Problem -> Which lines of the entries below hold the word "Building"? Report each of them.
==============================
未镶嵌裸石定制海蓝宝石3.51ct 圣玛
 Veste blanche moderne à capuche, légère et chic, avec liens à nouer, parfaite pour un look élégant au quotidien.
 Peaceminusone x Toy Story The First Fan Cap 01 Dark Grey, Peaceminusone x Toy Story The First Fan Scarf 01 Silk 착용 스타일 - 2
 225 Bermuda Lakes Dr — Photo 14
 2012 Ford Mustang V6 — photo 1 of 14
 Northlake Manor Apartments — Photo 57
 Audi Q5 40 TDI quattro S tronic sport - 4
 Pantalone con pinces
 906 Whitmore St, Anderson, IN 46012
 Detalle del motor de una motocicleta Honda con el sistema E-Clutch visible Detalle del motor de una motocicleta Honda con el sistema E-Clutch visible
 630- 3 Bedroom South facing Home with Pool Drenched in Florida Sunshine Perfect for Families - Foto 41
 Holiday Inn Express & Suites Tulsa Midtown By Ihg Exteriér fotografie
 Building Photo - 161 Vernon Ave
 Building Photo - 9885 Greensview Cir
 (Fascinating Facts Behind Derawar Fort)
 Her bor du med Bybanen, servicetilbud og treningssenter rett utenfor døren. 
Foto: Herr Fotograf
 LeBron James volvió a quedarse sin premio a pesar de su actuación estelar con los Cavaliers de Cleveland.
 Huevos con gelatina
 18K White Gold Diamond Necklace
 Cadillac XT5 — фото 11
==============================
Written reply ->
 Building Photo - 161 Vernon Ave
 Building Photo - 9885 Greensview Cir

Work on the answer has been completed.